Intrinsic optical bistability in a strongly driven Rydberg ensemble

We observe and characterize intrinsic optical bistability in a dilute Rydberg vapor. The bistability is characterized by sharp jumps between states of low and high Rydberg occupancy with jump-up and -down positions displaying hysteresis depending on the direction in which the control parameter is changed. We find that the shift in frequency of the jump point scales with the fourth power of the principal quantum number. Also, the width of the hysteresis window increases with increasing principal quantum number, before reaching a peak and then closing again. The experimental results are consistent with predictions from a simple theoretical model based on semiclassical Maxwell–Bloch equations including the effects of interaction-induced broadening and level shifts. These results provide insight into the dynamics of driven dissipative systems.

Figure 1

(a) Three-photon excitation scheme to Rydberg states in cesium. (b) Schematic of experimental setup.

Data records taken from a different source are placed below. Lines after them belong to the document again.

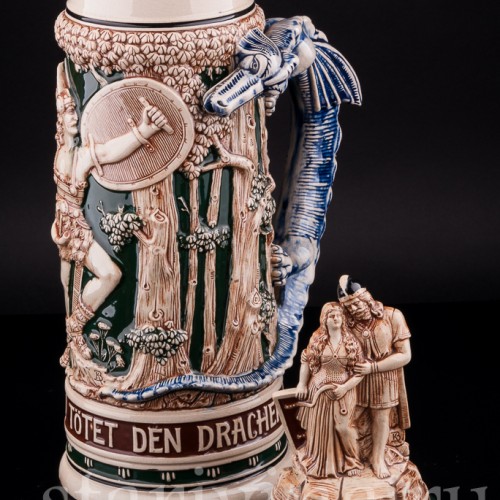 Пивная кружка Зигфрид и дракон, 3 л, Matthias Girmscheid, Германия, нач. 20 в.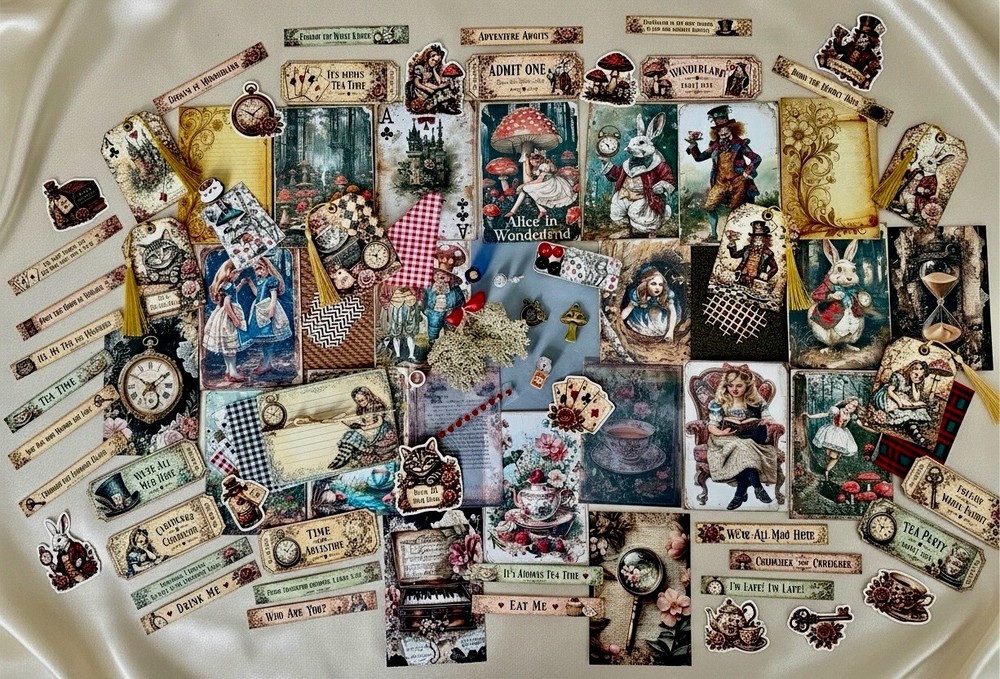Alice in Wonderland Junk Journal Kit Ephemera Bundle 106 Pc Tags Papers Crafts
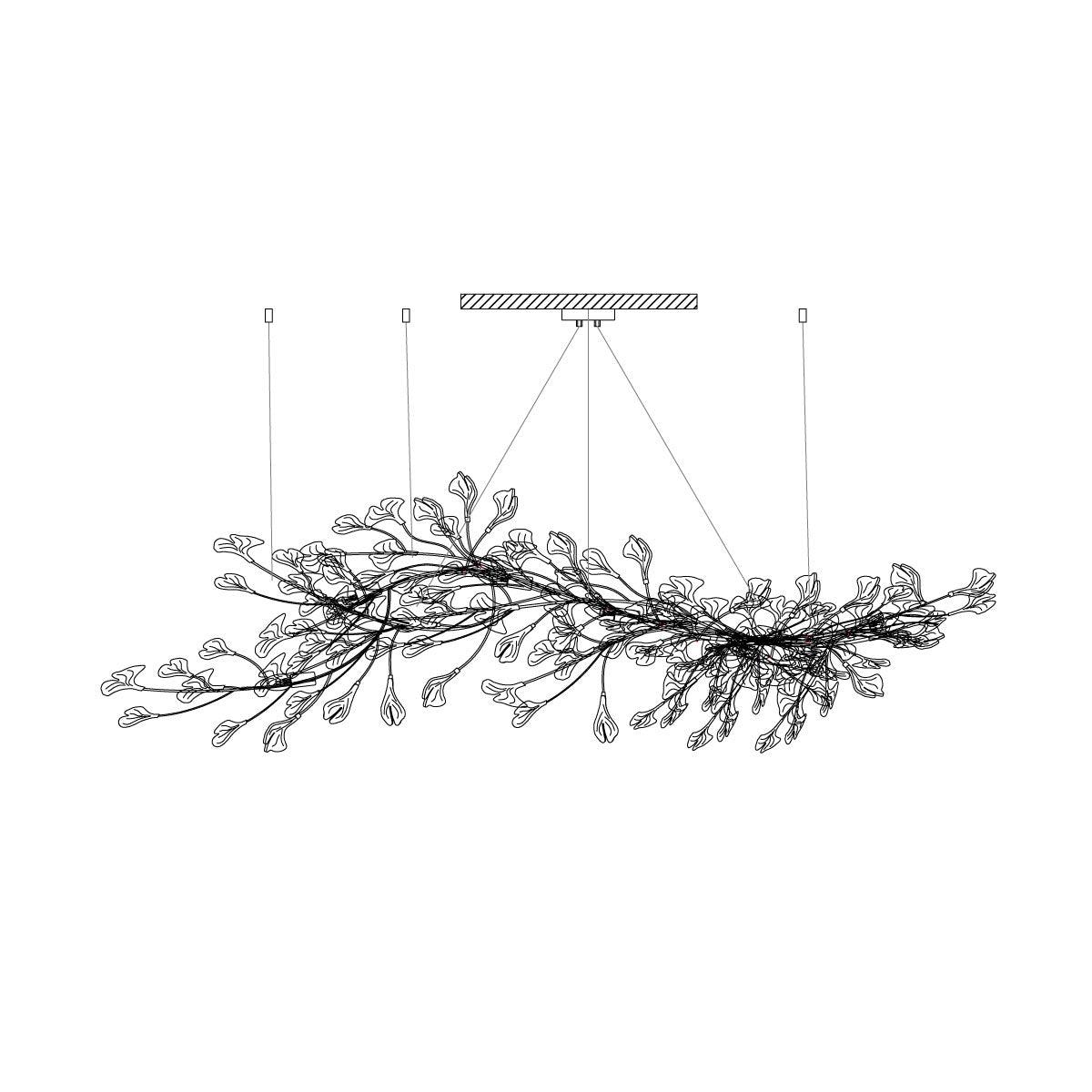 Gingko Ceramic Chandelier by Korewolamp featuring leaf-shaped ceramic design hanging as a stylish chandelier.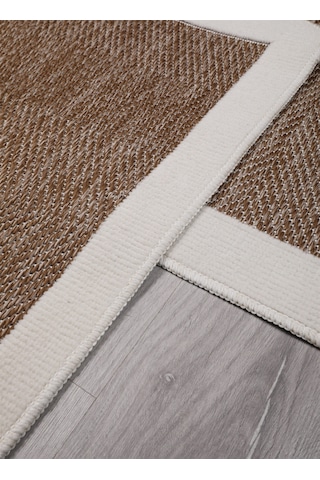 My Evilla Sisal Vektör Kaymaz Tabanlı Kolay Silinebilir 2li Kahve Banyo Paspas Seti 60x100-50x60 Kahverengi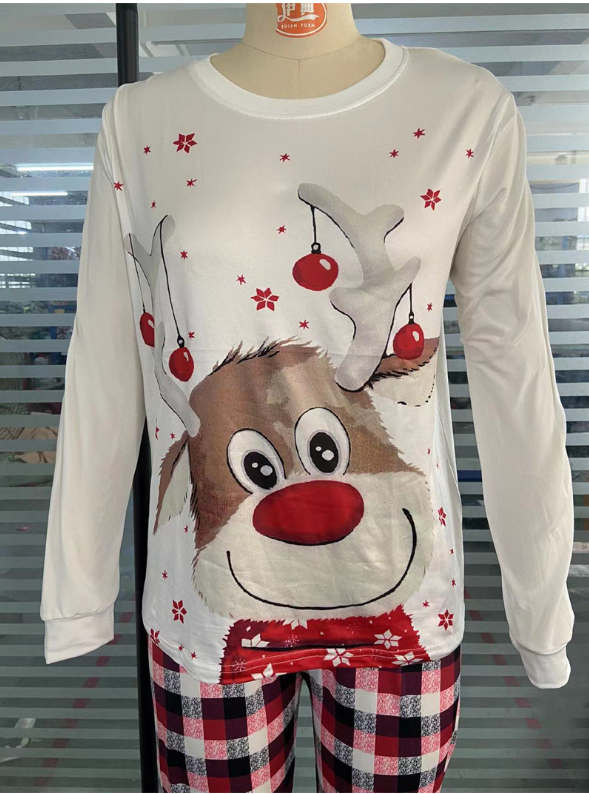 Christmas reindeer print parent-child long sleeved pajamas set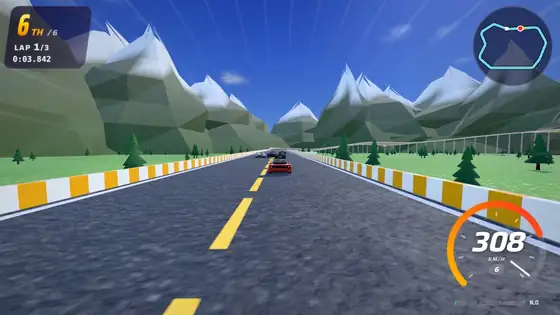 Dam Run track in Hot Racers: across a dam crest, then a valley drop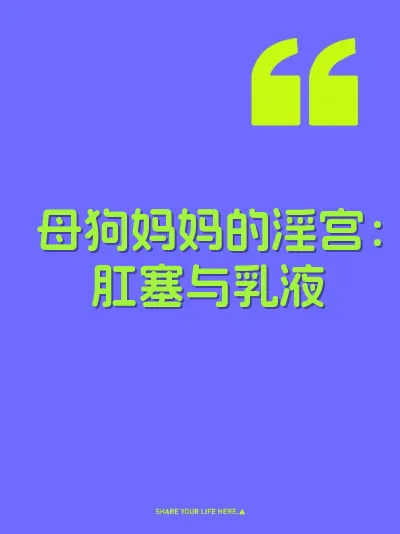 母狗妈妈的淫宫：肛塞与乳液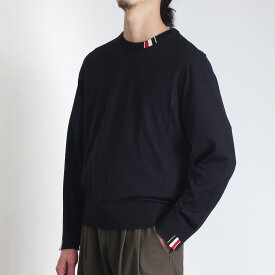 トムブラウン THOM BROWNE メンズ クルーネック長袖ニット JERSEY STITCH RELAXED FIT CREW NECK PULLOVER [リラックスフィット クルーネック プルオーバー] MKA474A Y1014【国内配送】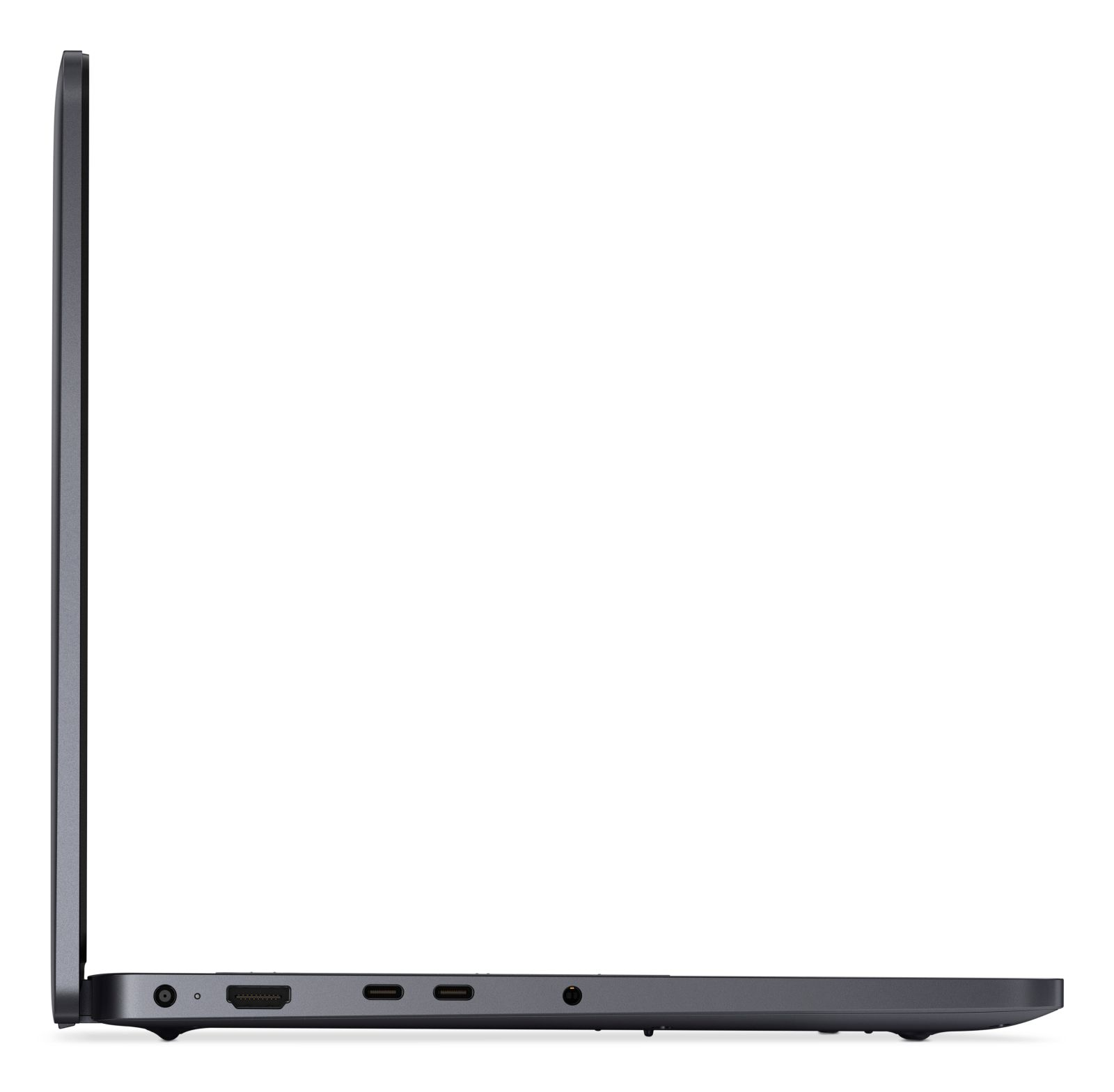 Seitenansicht eines geschlossenen dunklen Laptops mit Anschlüssen auf einer weißen Fläche.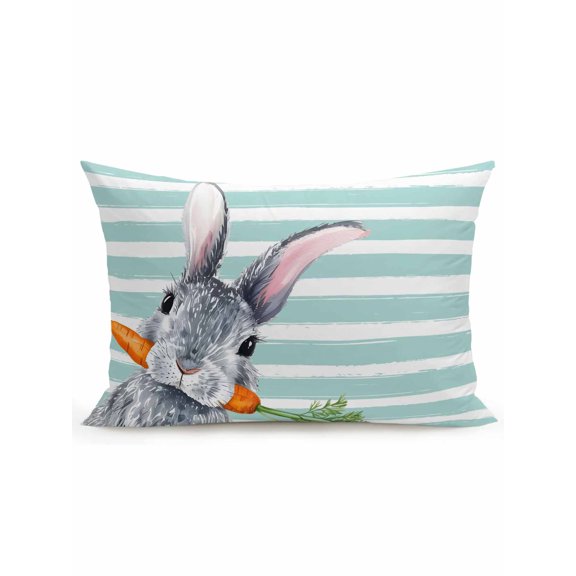 1 Pack Outdoor Throw Pillow, Easter Bunny Waterproof Pillow with Insert Included, Spring Rabbit Carrot Turquoise Striped Decorative Accent Cushion Lumbar Pillows for Patio Porch, 12 x 20 In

The three excitation lasers copropagate through a 2 mm vapor cell. An interference filter is used to selected the transmission signal of the probe beam. (c) Simplified two-level model system.

Figure 2

(a) Experimental optical response, the transmission of the probe beam as a function of the Rydberg laser detuning for the same Rabi frequency ${\mathrm{\Omega }}_{\mathrm{r}}/2\pi =(80\pm 10)$ MHz and different Rydberg levels $n=34,35$, and 37. ${\mathrm{\Omega }}_{\mathrm{p}}/2\pi =(140\pm 10)$ and ${\mathrm{\Omega }}_{\mathrm{c}}/2\pi =(170\pm 10)$ MHz. (b) Measurement of the frequency shift of the phase transition as a function of principal quantum number $n$, of the Rydberg level $n{P}_{3/2}$. The solid (red) line is a fit showing that the shift scales with ${(n-\delta )}^{\alpha }$, where $\delta$ is the quantum defect of the Rydberg state $n{P}_{3/2}$ and $\alpha =3.8\pm 0.3$.

Figure 3

(a) Experimental optical response; the transmission of the probe beam as a function of the Rydberg laser detuning for the same Rabi frequency ${\mathrm{\Omega }}_{\mathrm{r}}/2\pi =(130\pm 10)$ MHz and different Rydberg levels. (b) Theoretical Rydberg-state population ${\rho }_{\mathrm{rr}}$ from the model as a function of the laser detuning for different Rydberg levels. Theoretical parameters are ${\mathrm{\Omega }}_{\mathrm{r}}/2\pi =40$ MHz and ${\mathrm{\Gamma }}_{\mathrm{rg}}/2\pi =3$ MHz.

Figure 4

Bistability width as a function of the principal quantum number for two atomic densities, $N=(2.0\pm 0.5){\mathrm{cm}}^{-3}$ (purple squares) and $(3.0\pm 0.5)\times {10}^{11}{\mathrm{cm}}^{-3}$ (green circles), for the same Rydberg Rabi frequency, ${\mathrm{\Omega }}_{\mathrm{r}}/2\pi =(120\pm 10)$ MHz. The column bars are the theoretical results considering the interaction-broadening effect, ${\beta }^{\prime }/2\pi =(2.0\pm 0.2)\times {10}^{-9}\mathrm{Hz}{\mathrm{cm}}^3$ and the parameters ${\mathrm{\Gamma }}_{\mathrm{rg}}/2\pi =13.5$ MHz and $\mathrm{\Omega }/2\pi =(140\pm 5)$ MHz.

Figure 5

Bistability width as a function of the Rydberg laser power for $n=28$ and three different atomic densities $N=\{3.0\left(\mathrm{O}\right);1.0(\square );0.7\left(▵\right)\}\pm 0.5\times {10}^{11}{\mathrm{cm}}^{-3}$. The solid lines are the theoretical calculation using the parameters ${\beta }^{\prime }/2\pi =(1.6\pm 0.2)\times {10}^{-9}\mathrm{Hz}{\mathrm{cm}}^3, {\mathrm{\Gamma }}_{\mathrm{rg}}/2\pi =13.5$ MHz, and $\mathrm{\Omega }/2\pi =(137\pm 2)\sqrt{P}$ MHz, where $P$ is the Rydberg laser power.